I miss hearing you tell me you love me. I miss hearing you say that you won’t go anywhere; that you’ll be there forever. I miss hearing you say that I’m your best friend and you wouldn’t be the same without me. I finally understand now when people say they want someone to lie to them. I want you to lie to me and tell me that it was all a bad joke.
Yeah, I’ll be angry. I’ll be livid and at most won’t talk to you for a few days but it’ll just have been a cruel joke and I know that my heart would let you back in. I think that’s the worst part. My heart would let you back in with no issue. My heart would let you back in with no problems. My heart would let you back in my life and we’d start this…whatever this is all over again. Straight back to square one, wouldn’t we?
I can convince myself that you meant the things that you said to me sometimes. I can convince myself at times that you actually cared about me. I can convince myself that you really did love me, but there are times where I can’t, and that’s when my sadness kicks in. My sadness becomes overwhelming and I can’t do anything about it, because what it all boils down to is that you lied.
I know that I’ll recover. I know that I’ve been recovering, slowly, but surely, I’ve been getting better. I’ve gotten back my will to live, I’ve gotten back my will to try, and I’ve gotten back my will to become my own person again. I know that there’s nothing more that I can say to you, and there’s nothing that you could say to me to make the situation any better. Lie to me, don’t lie to me, just stay away, I love you, don’t go.
This is what you’ve done to me, and I know that eventually, one day I’ll be better. One day, I’ll forget what it’s like to feel your arms around me and to look into your eyes. One day, I’ll forget what it’s like to run my fingers along your scars and tell you that you’re beautiful to me. One day I’ll forget you because I’ll have found what I deserve.
One day I’ll find someone that knows what loyalty is. One day I’ll find someone to trust, that will love me in the way that I love them and you’ll just be a fleeting memory. I came so close to giving up after you, but that’s the thing now. I don’t give up. I fight, and I fight, and I fight. I’m still here, and I’m still fighting. You came close, but you did not break me. I’ve learned who I am. I’ve learned to love myself. I’ve learned to love what I do have, and who I do have.
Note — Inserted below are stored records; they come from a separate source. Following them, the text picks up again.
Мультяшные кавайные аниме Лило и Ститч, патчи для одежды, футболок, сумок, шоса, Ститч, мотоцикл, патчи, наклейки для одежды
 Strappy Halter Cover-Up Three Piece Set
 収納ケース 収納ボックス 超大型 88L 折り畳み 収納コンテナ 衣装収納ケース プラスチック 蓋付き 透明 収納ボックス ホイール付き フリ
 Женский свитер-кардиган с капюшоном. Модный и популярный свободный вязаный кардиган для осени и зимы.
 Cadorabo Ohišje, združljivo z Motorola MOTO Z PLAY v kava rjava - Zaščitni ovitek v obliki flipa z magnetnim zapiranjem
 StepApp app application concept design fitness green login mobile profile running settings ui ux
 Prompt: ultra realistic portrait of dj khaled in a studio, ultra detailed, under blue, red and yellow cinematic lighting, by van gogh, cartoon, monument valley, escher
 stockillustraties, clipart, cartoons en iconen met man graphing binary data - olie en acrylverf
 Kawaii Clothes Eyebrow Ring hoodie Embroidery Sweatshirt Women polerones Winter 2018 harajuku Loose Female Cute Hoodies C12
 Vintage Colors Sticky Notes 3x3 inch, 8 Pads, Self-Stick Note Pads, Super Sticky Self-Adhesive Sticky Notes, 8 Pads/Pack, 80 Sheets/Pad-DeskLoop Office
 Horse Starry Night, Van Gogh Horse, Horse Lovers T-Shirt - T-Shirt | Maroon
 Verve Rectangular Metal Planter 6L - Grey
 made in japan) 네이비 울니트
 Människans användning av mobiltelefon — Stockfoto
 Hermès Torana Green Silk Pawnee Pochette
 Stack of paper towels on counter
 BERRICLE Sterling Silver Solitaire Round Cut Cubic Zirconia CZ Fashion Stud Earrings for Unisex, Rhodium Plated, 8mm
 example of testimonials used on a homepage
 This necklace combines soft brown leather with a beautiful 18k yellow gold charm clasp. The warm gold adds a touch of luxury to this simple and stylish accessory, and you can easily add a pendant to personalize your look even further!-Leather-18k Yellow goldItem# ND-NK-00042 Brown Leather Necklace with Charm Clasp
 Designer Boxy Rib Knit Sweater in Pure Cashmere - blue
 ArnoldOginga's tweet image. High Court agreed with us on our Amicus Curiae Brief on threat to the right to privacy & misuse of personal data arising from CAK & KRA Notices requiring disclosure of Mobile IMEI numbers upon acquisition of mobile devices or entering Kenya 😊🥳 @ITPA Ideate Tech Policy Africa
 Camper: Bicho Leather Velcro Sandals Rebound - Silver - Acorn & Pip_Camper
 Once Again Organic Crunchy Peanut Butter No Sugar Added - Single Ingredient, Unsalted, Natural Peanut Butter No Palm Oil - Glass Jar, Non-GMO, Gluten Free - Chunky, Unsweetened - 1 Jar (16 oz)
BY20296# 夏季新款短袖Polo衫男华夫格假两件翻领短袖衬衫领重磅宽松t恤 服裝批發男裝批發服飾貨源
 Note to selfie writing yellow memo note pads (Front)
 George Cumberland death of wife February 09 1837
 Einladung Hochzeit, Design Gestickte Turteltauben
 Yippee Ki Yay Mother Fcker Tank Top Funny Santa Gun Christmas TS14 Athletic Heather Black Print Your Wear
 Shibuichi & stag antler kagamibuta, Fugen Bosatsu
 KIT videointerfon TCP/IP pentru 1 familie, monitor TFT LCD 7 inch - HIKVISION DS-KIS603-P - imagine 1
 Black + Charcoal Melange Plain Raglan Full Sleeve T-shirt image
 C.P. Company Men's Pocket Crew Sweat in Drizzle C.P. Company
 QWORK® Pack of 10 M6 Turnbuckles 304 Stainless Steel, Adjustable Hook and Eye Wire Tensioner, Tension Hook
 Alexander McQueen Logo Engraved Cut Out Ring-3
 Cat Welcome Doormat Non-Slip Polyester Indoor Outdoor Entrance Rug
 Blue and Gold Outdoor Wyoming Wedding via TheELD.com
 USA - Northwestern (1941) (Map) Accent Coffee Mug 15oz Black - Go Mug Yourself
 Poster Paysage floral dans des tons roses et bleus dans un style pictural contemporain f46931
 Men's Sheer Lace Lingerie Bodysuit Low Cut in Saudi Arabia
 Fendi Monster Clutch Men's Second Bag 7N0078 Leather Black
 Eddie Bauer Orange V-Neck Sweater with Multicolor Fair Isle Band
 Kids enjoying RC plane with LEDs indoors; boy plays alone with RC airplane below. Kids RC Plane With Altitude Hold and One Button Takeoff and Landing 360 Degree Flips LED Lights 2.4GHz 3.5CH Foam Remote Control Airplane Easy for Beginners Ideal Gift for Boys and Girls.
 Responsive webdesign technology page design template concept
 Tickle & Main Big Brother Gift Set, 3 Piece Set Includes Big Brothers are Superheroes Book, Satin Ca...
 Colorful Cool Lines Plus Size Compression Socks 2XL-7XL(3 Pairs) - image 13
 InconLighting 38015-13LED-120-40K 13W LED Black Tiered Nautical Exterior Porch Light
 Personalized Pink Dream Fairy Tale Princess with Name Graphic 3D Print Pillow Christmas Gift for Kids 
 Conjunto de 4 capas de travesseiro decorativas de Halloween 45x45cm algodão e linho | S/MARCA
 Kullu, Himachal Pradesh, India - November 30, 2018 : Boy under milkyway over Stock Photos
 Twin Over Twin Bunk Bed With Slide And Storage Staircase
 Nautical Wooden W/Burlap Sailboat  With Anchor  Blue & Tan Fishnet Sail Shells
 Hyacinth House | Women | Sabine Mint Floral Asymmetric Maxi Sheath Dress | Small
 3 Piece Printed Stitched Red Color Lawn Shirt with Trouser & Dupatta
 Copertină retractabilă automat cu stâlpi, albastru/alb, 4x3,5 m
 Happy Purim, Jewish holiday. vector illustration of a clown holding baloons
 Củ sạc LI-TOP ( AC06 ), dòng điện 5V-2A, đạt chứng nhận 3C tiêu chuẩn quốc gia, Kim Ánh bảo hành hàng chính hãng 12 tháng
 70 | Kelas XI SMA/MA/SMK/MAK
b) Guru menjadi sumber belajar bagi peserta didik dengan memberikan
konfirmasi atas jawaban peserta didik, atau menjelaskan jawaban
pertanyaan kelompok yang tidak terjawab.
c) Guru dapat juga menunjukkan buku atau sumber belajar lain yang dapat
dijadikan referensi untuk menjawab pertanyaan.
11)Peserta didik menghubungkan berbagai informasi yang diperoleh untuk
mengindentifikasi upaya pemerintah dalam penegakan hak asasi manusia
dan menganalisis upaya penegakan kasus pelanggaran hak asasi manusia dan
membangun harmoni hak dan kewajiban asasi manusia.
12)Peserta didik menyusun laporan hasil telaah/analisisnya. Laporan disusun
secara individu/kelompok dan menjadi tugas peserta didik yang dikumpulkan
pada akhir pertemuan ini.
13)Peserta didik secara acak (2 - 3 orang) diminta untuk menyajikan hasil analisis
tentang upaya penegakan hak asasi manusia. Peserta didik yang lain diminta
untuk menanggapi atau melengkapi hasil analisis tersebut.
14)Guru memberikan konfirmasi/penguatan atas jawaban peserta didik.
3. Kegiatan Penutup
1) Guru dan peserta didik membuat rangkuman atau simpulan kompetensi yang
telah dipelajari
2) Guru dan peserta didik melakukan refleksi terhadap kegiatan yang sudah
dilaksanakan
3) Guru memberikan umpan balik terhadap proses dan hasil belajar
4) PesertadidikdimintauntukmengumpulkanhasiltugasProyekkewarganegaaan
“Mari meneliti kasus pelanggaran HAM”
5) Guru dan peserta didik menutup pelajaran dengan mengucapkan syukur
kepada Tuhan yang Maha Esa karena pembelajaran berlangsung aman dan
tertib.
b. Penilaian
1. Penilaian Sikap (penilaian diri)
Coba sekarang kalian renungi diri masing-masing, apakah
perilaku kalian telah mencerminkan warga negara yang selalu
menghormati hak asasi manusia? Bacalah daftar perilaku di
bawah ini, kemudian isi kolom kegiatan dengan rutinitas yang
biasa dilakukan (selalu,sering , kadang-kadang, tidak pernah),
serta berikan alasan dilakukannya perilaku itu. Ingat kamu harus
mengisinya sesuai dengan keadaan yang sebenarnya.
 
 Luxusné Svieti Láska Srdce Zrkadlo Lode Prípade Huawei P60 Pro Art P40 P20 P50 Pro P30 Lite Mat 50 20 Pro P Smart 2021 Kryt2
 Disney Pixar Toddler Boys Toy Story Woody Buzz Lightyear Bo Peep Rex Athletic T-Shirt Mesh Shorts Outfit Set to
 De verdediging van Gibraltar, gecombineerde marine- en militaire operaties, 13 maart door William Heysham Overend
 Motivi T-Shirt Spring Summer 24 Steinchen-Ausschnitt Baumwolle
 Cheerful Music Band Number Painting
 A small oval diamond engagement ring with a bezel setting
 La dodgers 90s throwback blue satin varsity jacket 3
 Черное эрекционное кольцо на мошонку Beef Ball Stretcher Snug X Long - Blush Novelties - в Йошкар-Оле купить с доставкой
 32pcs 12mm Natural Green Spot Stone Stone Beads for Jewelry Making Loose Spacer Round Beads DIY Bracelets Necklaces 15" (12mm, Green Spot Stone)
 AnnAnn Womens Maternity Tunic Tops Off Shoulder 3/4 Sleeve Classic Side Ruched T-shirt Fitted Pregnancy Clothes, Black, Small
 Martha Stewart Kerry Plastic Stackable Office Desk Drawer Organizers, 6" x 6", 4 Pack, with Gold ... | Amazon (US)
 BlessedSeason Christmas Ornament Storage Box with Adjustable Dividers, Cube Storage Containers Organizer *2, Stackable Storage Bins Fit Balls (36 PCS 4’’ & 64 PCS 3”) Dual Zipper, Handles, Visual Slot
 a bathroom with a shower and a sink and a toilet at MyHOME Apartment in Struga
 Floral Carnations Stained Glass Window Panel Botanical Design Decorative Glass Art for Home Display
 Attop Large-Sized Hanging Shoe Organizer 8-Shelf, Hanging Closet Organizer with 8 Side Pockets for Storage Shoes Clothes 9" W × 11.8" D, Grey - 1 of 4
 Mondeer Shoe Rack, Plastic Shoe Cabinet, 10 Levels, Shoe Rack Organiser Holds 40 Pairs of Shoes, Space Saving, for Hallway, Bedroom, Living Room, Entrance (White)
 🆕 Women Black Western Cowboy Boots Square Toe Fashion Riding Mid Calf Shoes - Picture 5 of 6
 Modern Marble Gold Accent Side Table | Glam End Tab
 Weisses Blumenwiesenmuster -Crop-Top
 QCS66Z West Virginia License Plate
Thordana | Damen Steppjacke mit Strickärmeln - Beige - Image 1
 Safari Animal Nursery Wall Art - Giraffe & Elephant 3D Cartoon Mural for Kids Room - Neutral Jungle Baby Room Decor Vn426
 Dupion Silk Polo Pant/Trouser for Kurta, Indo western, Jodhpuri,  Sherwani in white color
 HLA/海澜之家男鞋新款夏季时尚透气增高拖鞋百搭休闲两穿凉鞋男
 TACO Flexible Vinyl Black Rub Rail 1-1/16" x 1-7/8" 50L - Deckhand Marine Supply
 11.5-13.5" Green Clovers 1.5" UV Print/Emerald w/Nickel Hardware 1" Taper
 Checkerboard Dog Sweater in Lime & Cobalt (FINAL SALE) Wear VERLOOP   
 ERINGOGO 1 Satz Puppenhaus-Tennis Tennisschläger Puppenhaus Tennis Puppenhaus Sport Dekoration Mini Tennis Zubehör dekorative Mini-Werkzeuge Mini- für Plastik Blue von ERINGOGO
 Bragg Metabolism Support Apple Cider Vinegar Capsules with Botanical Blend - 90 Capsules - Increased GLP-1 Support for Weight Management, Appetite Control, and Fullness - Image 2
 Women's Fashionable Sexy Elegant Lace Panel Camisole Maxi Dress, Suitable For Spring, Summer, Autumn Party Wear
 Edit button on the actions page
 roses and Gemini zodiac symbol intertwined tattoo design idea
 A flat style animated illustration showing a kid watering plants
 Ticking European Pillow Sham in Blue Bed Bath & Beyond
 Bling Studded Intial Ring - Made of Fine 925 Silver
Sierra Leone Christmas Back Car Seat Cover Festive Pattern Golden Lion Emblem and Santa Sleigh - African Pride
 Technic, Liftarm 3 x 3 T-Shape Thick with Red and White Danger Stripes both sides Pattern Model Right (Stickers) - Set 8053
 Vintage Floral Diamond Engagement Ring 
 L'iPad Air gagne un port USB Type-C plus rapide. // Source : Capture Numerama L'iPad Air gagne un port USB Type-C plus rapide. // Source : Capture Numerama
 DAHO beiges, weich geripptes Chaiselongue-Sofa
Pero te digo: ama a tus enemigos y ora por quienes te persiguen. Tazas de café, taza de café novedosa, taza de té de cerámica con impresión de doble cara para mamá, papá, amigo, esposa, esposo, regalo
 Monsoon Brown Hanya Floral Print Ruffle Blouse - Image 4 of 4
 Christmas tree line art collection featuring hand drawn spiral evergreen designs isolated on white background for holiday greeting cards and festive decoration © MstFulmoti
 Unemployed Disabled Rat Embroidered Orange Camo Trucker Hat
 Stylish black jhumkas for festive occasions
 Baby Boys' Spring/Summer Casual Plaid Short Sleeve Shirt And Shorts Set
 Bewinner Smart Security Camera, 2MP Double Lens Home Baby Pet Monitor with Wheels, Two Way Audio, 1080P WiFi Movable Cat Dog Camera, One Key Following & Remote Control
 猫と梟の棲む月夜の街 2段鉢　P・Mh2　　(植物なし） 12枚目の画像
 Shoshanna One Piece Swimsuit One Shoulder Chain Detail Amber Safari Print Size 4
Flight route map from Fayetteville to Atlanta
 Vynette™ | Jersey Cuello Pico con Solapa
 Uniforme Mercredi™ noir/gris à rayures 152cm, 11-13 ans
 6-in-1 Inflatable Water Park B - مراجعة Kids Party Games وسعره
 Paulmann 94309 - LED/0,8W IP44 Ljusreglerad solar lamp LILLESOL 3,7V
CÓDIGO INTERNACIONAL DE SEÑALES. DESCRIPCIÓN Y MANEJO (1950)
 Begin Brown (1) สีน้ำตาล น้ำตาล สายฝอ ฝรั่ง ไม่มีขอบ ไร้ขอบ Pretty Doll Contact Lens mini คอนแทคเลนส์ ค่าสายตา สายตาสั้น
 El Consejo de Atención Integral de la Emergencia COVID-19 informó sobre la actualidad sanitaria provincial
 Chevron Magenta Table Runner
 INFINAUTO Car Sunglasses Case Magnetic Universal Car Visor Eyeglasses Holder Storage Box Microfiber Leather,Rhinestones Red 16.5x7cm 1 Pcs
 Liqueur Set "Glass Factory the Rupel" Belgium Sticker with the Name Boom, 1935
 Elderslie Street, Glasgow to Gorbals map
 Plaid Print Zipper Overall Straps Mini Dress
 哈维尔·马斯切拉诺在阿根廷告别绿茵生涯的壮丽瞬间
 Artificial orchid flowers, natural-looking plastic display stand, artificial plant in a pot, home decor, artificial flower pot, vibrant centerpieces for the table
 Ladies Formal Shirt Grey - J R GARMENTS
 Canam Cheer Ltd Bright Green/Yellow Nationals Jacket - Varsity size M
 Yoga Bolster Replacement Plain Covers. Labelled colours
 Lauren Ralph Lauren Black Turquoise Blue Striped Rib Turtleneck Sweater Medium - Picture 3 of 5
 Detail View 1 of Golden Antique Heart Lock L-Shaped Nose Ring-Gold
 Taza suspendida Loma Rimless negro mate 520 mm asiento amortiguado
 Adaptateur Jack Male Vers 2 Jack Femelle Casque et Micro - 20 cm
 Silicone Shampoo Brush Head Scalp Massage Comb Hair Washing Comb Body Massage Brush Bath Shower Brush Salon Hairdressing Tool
I’m not going to say thank you for hurting me. You don’t deserve to be thanked, but I’m thankful to myself for learning that sometimes, the best things in life are right in front of me and I don’t need another person. I’m thankful to myself for being able to love myself, love my family, and love my friends. I’m thankful to myself for learning to love myself without needing the validation of another. I’m thankful to myself.